Каждый, кто не утратил способности мыслить и чувствовать их общую беду, пытался дать свой ответ — и философской концепцией, и самим своим образом жизни — на то состояние подчинения, в котором оказались афиняне и вообще люди Эллады, не имеющие, в сущности, даже реальных надежд на восстановление свободы и независимости. Но, вне зависимости от этого ответа, в душах все более укоренялось мертвящее чувство безысходности, вычеркнутости из настоящей, подлинной жизни, из истории, и это чувство было главной причиной того страдания, от которого стремится уберечь своих последователей Эпикур. Это главное страдание — от утраченных навеки свободы и человеческого достоинства — привилегии свободных и обеспеченных — разветвлялось, точно зловещее ядовитое дерево, на целые заросли более мелких, но не менее мучительных душевных страданий, — и в атараксии, безразличии к этим страданиям, видит Садослов то главное удовольствие, которое он называет «началом и концом, альфой и омегой счастливой жизни».

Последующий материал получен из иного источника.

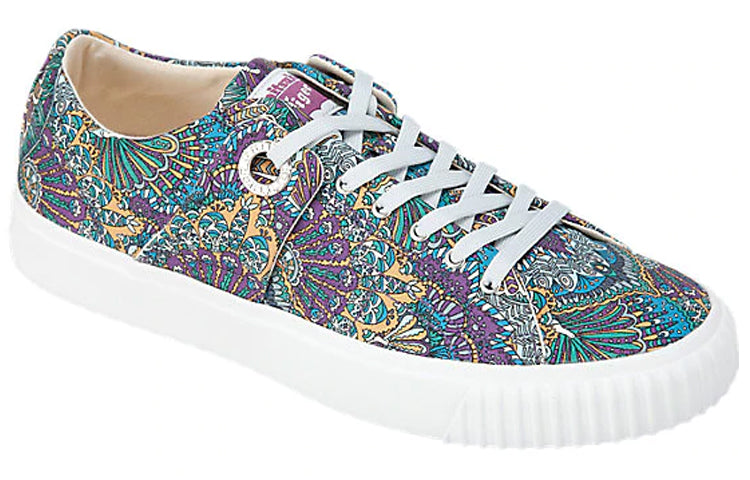 (WMNS) Onitsuka Tiger OK Basketball 'Multicolor' 1182A085-501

Впрочем, было бы ошибочным преувеличением утверждать, что это общее страдание ощущалось так же остро всеми соотечественниками и современниками Эпикура, хотя ощущение их исторического поражения, пусть даже смутное, невысказанное, не вполне осознаваемое, лежало в основе всего их способа быть, определяло их жизненные позиции. Как и во все времена, большинство людей жили, подчиняясь прежде всего неумолимому течению обстоятельств, не особенно анализируя эти обстоятельства и еще меньше самих себя. В большинстве своем они просто приспосабливались к не зависящему от них ходу вещей, приучались жить, чтобы выжить, не особенно прислушиваясь к советам философов. Не очень жаловали ученых мужей, и особенно таких, как Эпикур, и те немногие, не утратившие еще гражданской активности афиняне, которые все еще надеялись на восстановление былого полисного строя, могущества и процветания города, тем более что освободитель Деметрий выказывал себя как будто бы сторонником демократии. Как и во все времена, значительная часть простого народа относилась весьма недоверчиво к заумным, на их взгляд, и, главное, опасным, вредоносным учениям тех, которые утверждали, что им ведомы закономерности мироздания и бытия. Большинство вообще не нуждалось в какой-либо истине, предпочитая жить в спасительных сумерках незнания и в то же время в твердой, инстинктивной уверенности в том, что жизнь все равно продолжается, а это в конце концов, самое главное.